━━ Records to process ━━
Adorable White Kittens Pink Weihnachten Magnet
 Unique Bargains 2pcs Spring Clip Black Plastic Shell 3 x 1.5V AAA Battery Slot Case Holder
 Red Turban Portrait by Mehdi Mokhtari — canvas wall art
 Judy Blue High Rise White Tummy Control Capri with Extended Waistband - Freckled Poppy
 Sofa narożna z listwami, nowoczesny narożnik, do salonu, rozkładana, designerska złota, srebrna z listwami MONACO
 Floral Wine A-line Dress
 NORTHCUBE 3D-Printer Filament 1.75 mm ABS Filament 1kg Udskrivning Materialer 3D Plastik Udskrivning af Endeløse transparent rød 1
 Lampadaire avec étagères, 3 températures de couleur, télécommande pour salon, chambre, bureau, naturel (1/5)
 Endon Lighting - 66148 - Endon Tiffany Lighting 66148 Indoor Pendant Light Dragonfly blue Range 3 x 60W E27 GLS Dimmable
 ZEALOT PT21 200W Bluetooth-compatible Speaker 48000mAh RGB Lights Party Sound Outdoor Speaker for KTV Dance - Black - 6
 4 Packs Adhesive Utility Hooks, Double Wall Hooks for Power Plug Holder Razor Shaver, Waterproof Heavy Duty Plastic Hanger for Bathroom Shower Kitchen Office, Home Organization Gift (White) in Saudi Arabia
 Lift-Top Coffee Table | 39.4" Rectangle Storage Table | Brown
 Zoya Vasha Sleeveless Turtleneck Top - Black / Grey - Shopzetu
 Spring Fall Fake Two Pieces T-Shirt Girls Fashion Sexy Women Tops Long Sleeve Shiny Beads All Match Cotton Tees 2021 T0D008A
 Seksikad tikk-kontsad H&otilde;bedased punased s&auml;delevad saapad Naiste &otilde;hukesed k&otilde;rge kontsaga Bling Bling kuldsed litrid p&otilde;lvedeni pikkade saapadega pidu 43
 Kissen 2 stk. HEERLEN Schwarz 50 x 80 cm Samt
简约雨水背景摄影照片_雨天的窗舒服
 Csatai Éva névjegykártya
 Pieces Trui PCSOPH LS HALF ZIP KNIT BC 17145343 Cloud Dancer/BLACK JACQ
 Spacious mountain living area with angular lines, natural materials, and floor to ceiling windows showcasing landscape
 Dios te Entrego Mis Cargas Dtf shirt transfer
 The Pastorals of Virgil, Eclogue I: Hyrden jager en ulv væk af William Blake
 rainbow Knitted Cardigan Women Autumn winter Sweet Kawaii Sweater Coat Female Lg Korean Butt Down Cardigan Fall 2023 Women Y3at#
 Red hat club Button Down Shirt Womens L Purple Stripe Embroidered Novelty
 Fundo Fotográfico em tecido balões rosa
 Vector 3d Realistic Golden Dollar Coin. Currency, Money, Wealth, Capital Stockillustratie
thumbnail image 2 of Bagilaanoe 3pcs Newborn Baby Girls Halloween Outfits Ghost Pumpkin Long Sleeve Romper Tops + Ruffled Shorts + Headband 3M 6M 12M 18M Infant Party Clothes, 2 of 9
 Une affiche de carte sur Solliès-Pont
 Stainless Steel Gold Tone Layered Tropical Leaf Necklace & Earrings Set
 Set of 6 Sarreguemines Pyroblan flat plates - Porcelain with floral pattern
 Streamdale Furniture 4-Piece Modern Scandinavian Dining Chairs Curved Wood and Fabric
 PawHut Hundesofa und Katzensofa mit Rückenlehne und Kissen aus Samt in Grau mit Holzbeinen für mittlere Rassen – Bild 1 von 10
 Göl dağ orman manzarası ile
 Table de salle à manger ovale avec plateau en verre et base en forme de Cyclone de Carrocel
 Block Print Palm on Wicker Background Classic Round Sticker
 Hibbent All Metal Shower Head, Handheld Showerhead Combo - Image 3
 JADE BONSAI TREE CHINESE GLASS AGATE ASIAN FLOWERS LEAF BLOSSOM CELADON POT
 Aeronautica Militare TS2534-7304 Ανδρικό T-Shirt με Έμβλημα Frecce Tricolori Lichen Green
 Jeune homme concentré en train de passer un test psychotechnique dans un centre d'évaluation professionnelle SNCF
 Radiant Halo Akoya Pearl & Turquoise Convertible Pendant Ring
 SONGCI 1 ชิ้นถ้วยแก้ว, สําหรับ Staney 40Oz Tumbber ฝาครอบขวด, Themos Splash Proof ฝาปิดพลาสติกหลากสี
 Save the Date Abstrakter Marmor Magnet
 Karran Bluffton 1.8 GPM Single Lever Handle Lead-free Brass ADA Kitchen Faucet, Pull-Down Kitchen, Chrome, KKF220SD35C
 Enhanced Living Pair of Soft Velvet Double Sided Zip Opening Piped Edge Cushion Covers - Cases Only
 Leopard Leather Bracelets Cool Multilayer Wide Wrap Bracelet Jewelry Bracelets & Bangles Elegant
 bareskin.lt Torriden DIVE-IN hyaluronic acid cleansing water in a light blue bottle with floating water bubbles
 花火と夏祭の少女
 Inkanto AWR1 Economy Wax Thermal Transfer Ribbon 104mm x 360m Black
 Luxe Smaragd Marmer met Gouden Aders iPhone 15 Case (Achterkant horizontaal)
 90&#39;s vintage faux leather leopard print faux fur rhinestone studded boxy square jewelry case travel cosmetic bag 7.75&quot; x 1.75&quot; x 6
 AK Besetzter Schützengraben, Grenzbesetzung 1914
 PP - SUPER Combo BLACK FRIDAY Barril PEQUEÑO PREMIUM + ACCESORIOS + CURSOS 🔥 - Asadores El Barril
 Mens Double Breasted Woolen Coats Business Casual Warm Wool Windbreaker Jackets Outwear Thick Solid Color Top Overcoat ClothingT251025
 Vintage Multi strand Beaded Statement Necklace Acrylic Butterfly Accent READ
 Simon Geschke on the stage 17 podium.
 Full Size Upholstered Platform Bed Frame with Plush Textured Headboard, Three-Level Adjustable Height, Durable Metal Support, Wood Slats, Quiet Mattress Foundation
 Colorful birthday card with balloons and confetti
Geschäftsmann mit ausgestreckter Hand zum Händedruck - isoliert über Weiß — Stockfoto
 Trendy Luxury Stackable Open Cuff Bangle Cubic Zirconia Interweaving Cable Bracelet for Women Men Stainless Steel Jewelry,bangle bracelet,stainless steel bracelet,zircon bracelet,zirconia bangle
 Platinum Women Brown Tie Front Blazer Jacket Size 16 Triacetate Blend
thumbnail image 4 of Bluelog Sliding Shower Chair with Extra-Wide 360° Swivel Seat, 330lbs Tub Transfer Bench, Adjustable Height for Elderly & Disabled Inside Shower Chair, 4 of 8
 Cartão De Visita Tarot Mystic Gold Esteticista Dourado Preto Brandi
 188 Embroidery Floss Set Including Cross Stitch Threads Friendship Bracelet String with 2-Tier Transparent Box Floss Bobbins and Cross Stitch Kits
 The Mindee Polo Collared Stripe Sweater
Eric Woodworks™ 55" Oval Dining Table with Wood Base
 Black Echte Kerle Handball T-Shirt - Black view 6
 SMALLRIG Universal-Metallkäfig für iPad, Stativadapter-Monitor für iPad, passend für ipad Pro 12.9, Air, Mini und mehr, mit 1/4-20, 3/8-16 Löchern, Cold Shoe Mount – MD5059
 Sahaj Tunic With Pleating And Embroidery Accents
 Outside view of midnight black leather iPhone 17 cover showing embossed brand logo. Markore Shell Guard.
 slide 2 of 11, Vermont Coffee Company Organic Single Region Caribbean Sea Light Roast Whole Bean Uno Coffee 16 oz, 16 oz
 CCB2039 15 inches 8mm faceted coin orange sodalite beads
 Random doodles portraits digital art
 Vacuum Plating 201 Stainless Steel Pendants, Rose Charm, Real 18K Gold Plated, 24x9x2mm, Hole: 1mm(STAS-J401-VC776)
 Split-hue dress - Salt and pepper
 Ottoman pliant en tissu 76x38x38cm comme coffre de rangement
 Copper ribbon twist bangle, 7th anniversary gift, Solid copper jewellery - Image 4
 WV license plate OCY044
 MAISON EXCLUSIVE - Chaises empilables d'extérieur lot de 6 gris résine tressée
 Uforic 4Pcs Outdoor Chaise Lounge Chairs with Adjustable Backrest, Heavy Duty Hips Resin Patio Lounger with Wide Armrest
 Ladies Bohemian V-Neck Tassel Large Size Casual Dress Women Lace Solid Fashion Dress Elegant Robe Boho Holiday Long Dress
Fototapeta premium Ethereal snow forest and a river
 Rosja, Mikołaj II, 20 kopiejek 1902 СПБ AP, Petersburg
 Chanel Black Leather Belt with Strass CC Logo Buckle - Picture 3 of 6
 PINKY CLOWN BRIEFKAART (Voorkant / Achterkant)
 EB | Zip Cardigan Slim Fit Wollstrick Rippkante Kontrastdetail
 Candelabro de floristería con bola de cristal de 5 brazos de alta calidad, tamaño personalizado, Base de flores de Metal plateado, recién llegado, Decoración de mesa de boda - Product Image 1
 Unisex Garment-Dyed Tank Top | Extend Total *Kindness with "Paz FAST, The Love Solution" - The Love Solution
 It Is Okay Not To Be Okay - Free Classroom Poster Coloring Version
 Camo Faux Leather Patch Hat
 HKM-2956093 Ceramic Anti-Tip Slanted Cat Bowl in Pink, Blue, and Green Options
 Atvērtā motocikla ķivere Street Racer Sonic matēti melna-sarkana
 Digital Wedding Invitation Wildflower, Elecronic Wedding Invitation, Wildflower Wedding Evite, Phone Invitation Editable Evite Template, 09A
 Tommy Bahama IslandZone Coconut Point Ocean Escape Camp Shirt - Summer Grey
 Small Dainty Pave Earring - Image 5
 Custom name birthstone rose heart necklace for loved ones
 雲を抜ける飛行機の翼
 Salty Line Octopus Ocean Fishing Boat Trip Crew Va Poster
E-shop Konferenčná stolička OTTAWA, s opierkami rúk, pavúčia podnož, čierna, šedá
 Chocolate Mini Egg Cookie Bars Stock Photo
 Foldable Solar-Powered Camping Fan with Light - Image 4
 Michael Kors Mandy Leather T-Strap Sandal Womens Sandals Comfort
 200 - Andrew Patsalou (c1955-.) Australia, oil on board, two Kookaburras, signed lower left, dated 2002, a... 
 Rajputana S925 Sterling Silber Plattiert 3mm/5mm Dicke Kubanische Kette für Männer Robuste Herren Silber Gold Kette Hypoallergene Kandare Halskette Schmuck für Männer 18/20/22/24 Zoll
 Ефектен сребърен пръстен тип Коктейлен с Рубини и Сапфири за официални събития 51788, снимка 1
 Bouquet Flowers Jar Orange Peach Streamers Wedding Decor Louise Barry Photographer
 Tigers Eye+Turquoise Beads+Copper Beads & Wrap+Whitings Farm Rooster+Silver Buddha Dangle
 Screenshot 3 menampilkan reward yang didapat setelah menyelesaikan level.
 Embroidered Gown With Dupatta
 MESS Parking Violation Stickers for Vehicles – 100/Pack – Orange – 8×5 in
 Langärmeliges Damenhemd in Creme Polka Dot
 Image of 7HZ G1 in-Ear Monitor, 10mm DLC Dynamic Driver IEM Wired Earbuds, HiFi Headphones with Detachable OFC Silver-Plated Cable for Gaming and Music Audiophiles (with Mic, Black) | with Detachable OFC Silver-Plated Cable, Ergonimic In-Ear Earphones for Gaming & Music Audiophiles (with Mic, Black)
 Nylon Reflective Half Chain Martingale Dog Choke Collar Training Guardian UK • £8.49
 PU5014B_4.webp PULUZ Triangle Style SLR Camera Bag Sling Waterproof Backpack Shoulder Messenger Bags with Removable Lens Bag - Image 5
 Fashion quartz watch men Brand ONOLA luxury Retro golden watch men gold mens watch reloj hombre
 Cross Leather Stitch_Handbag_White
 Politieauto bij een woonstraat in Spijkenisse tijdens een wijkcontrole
━━━
● What is needed: Only one stretch of the entries above is wanted: the lines from the one containing "Judy Blue High" through the one containing "NORTHCUBE 3D-Printer Filament". Please reproduce it exactly.

● Task response:
 Judy Blue High Rise White Tummy Control Capri with Extended Waistband - Freckled Poppy
 Sofa narożna z listwami, nowoczesny narożnik, do salonu, rozkładana, designerska złota, srebrna z listwami MONACO
 Floral Wine A-line Dress
 NORTHCUBE 3D-Printer Filament 1.75 mm ABS Filament 1kg Udskrivning Materialer 3D Plastik Udskrivning af Endeløse transparent rød 1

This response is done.